Já se encontra em liberdade o grupo de menores preso pela Polícia de São João do Piauí no último dia 04 de agosto, pela prática de arrombamentos e furtos no comércio da cidade.
A liberação dos menores foi concedida pelo Juiz da Comarca local, Dr. Sérgio Fortes, desde o último dia 11 de agosto. Em seu despacho, o Juiz afirma que nos termos do artigo 170, do Estatuto da Criança e do Adolescente, “a apreensão de qualquer adolescente e o local onde se encontra recolhido serão incontinenti comunicados à autoridade judiciária competente e à família do apreendido ou à pessoa por ele indicada”.
No caso dos menores infratores de São João, o Juiz informa que só foi comunicado da apreensão no dia 09 de agosto, 05 dias depois.
O Delegado José Wellington diz que a lei não assegura a internação dos menores: “O juiz achou que não era cabível(a internação dos menores). Eu pedi, representei pela apreensão mas o que a lei realmente diz é que a internação só é cabível naqueles crimes de violência contra a pessoa, uma ameaça grave, um roubo de mão armada, uma lesão corporal, um homicídio. O furto praticado na noite não tem essa violência que a lei exige para se fazer a internação. No final do processo, no entanto, o juiz pode em seu julgamento determinar a internação deles e não manter apenas a internação provisória. Eles(os menores) estão respondendo ao processo e no final poderão ter uma punição nesse sentido.”
Comentário: O assunto menores infratores é tema de diversas matérias jornalísticas. Ouvimos falar na mídia sobre soldados do tráfico, assistimos a filmes como “Cidade de Deus” retratando menores trabalhando no crime e, infelizmente, São João do Piauí também vive essa realidade. Uma dura realidade que veio à tona com a descoberta, por parte da polícia, de que os arrombamentos praticados na cidade foram feitos por menores. O pior é que todos os menores apreendidos pelo envolvimento com esses arrombamentos já se encontram soltos.

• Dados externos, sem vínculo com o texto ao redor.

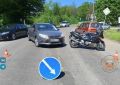 На Аллее Смелых столкнулись легковушка и мотоцикл, пострадал один человек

Somos conhecedores da lei, que fala que criança e adolescente não cometem crime, mas sim um ato infracional. O menor infrator pode ser internado de forma provisória, antes da sentença judicial, pelo prazo máximo de 45 dias, exceto nos casos em que o ato infracional cometido seja com violência ou grave ameaça à vítima (com pena superior a quatro anos de reclusão para crimes) ou se o ato cometido for equivalente a crime hediondo.
Na realidade estamos à mercê de uma lei que protege o menor (menor só na idade, a cabeça para praticar maldades é a mesma dos maiores). E como ficam os comerciantes que ao entrarem pela manhã em seus estabelecimentos se depararam com a cena de ver seus comércios arrombados? Como fica a população sabendo que um menor pode fazer qualquer coisa e nada vai acontecer? Como ficam os nossos lares que a qualquer momento podem ser invadidos na noite, já que “crime a noite sem violência não é classificado como crime suficiente para acarretar a apreensão dos menores"? A internação numa Casa de Recuperação em Teresina pode torná-los pior?
Duvido, amigos leitores. O que pode torná-los pior é a impunidade que os protege através do ECA, o famoso Estatuto da Criança e do Adolescente. O menor conhece a lei melhor que ninguém, sabe que ficará impune, sabe que nada pode tocá-los.
Parabéns à Polícia que fez a sua parte e descobriu quem praticava esses arrombamentos. O Dr. José Wellington nos informou que após os menores serem soltos já houve outro roubo e que está sendo investigado. Quanto a você amigo comerciante só resta rezar, e rezar muito. Proteja seus danones e chocolates, se prepare para limpar fezes em seu comércio. E que Deus nos proteja.